*EXERCISE OBJECTIVE*: In the response, the entries must appear exactly as supplied.

Dataset excerpts:
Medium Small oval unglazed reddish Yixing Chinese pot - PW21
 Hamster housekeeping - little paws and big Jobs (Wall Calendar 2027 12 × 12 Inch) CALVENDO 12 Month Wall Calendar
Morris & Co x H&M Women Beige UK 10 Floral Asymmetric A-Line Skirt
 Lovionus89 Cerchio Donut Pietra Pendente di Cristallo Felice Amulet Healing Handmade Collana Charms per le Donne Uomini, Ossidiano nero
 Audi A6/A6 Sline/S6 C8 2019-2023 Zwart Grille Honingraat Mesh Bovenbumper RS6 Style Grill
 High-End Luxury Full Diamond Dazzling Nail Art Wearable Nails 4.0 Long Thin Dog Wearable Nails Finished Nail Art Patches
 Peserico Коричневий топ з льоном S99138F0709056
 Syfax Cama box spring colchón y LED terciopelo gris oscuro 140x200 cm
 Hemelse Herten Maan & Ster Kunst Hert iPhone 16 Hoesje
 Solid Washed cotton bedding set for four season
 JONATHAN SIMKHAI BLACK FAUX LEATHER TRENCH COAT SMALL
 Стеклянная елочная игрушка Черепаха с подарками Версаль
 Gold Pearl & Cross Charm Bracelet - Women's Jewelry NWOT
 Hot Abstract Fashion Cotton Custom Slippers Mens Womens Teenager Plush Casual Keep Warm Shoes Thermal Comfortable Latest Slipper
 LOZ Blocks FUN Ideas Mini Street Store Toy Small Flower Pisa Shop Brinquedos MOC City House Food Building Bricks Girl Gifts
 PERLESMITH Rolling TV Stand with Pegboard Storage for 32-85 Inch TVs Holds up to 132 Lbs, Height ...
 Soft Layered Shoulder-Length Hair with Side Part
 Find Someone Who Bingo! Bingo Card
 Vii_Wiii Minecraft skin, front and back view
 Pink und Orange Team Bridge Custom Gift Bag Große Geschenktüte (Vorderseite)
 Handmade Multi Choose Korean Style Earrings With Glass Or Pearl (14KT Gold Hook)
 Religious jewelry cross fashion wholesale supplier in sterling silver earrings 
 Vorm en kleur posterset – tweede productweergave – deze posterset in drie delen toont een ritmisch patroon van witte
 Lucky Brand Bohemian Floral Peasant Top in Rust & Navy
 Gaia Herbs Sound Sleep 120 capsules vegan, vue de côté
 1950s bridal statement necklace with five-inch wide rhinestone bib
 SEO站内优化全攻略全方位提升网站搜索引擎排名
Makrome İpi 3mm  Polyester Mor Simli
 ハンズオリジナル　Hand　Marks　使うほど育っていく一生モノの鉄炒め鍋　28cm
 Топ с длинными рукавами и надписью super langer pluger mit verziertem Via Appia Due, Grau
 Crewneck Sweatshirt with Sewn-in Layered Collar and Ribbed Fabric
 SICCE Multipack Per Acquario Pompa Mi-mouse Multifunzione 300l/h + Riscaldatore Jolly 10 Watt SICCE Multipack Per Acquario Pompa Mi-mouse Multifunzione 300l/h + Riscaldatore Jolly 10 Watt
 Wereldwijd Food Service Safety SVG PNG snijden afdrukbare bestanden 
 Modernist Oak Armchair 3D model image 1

*OUTPUT FOR THIS TASK*:
Medium Small oval unglazed reddish Yixing Chinese pot - PW21
 Hamster housekeeping - little paws and big Jobs (Wall Calendar 2027 12 × 12 Inch) CALVENDO 12 Month Wall Calendar
Morris & Co x H&M Women Beige UK 10 Floral Asymmetric A-Line Skirt
 Lovionus89 Cerchio Donut Pietra Pendente di Cristallo Felice Amulet Healing Handmade Collana Charms per le Donne Uomini, Ossidiano nero
 Audi A6/A6 Sline/S6 C8 2019-2023 Zwart Grille Honingraat Mesh Bovenbumper RS6 Style Grill
 High-End Luxury Full Diamond Dazzling Nail Art Wearable Nails 4.0 Long Thin Dog Wearable Nails Finished Nail Art Patches
 Peserico Коричневий топ з льоном S99138F0709056
 Syfax Cama box spring colchón y LED terciopelo gris oscuro 140x200 cm
 Hemelse Herten Maan & Ster Kunst Hert iPhone 16 Hoesje
 Solid Washed cotton bedding set for four season
 JONATHAN SIMKHAI BLACK FAUX LEATHER TRENCH COAT SMALL
 Стеклянная елочная игрушка Черепаха с подарками Версаль
 Gold Pearl & Cross Charm Bracelet - Women's Jewelry NWOT
 Hot Abstract Fashion Cotton Custom Slippers Mens Womens Teenager Plush Casual Keep Warm Shoes Thermal Comfortable Latest Slipper
 LOZ Blocks FUN Ideas Mini Street Store Toy Small Flower Pisa Shop Brinquedos MOC City House Food Building Bricks Girl Gifts
 PERLESMITH Rolling TV Stand with Pegboard Storage for 32-85 Inch TVs Holds up to 132 Lbs, Height ...
 Soft Layered Shoulder-Length Hair with Side Part
 Find Someone Who Bingo! Bingo Card
 Vii_Wiii Minecraft skin, front and back view
 Pink und Orange Team Bridge Custom Gift Bag Große Geschenktüte (Vorderseite)
 Handmade Multi Choose Korean Style Earrings With Glass Or Pearl (14KT Gold Hook)
 Religious jewelry cross fashion wholesale supplier in sterling silver earrings 
 Vorm en kleur posterset – tweede productweergave – deze posterset in drie delen toont een ritmisch patroon van witte
 Lucky Brand Bohemian Floral Peasant Top in Rust & Navy
 Gaia Herbs Sound Sleep 120 capsules vegan, vue de côté
 1950s bridal statement necklace with five-inch wide rhinestone bib
 SEO站内优化全攻略全方位提升网站搜索引擎排名
Makrome İpi 3mm  Polyester Mor Simli
 ハンズオリジナル　Hand　Marks　使うほど育っていく一生モノの鉄炒め鍋　28cm
 Топ с длинными рукавами и надписью super langer pluger mit verziertem Via Appia Due, Grau
 Crewneck Sweatshirt with Sewn-in Layered Collar and Ribbed Fabric
 SICCE Multipack Per Acquario Pompa Mi-mouse Multifunzione 300l/h + Riscaldatore Jolly 10 Watt SICCE Multipack Per Acquario Pompa Mi-mouse Multifunzione 300l/h + Riscaldatore Jolly 10 Watt
 Wereldwijd Food Service Safety SVG PNG snijden afdrukbare bestanden 
 Modernist Oak Armchair 3D model image 1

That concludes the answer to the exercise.